If you are looking for a Western or an internationally-minded Chinese flatmate, the best places to look are the accommodation section on hellonanjing.net as well as nanjingexpat.com. An offline approach is to visit Nanjing University and Nanjing Normal University and find their classified walls, where people can also hang notices looking for flatmates.
If you do not want to share a flat, the best option is to look for a local real estate agency, such as Home Link 链家地产 or 5i5j 我爱我家, walk straight into their store and have the agents show you flats. If you cannot speak Chinese, The Nanjinger recommends Sun Home Real Estate, who handle rentals for many multinational companies.

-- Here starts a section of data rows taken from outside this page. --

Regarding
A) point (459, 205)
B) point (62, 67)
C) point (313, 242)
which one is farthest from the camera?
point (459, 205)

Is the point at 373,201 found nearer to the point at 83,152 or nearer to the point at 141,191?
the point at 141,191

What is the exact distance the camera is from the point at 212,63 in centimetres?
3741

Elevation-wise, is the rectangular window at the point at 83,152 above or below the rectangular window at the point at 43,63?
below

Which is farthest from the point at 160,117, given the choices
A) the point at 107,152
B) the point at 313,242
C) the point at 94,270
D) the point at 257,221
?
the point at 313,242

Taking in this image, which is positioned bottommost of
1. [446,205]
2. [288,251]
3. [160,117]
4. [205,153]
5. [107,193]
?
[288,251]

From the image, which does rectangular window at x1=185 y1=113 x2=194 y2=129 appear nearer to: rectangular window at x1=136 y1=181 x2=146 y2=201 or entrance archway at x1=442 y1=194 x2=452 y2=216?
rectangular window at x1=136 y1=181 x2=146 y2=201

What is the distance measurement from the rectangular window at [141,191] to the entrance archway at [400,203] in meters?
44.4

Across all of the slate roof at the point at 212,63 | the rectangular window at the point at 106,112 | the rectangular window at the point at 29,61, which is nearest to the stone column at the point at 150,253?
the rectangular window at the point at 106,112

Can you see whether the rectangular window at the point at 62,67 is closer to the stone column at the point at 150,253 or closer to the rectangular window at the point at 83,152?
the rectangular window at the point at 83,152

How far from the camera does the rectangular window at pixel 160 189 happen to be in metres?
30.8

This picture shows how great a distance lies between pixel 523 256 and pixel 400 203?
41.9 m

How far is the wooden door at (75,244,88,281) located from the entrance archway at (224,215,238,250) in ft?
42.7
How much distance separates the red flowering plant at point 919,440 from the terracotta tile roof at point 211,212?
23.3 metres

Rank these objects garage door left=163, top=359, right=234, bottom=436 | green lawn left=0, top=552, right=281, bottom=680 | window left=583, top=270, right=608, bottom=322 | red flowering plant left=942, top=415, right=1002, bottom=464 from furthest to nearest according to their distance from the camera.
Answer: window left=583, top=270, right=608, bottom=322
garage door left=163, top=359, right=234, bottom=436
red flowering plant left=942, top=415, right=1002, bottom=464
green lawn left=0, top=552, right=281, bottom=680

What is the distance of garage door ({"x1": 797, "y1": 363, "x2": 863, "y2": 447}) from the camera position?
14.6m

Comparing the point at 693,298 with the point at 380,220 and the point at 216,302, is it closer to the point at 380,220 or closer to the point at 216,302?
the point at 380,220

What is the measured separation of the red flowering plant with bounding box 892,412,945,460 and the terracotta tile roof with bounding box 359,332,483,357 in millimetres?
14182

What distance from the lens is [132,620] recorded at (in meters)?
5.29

BEWARE of fake flats online. Because real estate agents are under a lot of pressure to sign contracts, they have developed a trickster method that has become very common on online real estate websites. They will upload pictures of an entirely different place, of course a lot more fancy and often bigger than the real deal to lure customers. Most of the time sadly you cannot trust those images on websites. If you go straight to the agent’s office you won’t waste your time on a pipe dream; also you can tell them your exact requirements and they will try their best to meet them.
If the online listing is looking for a flatmate and is a private person, there is less chance of you being taken for a fool since obviously someone already lives in the flat and therefore it must be in an inhabitable condition.
Also, if possible bring a Chinese friend. Knowing that you are a foreigner might tempt people to try and overcharge you for rent, as they tend to think you have lots of money. A Chinese friend can give you feedback as to whether the prices you are being given are realistic. Moreover, when it comes to the legal side of things, they can make sure everything is ship-shape.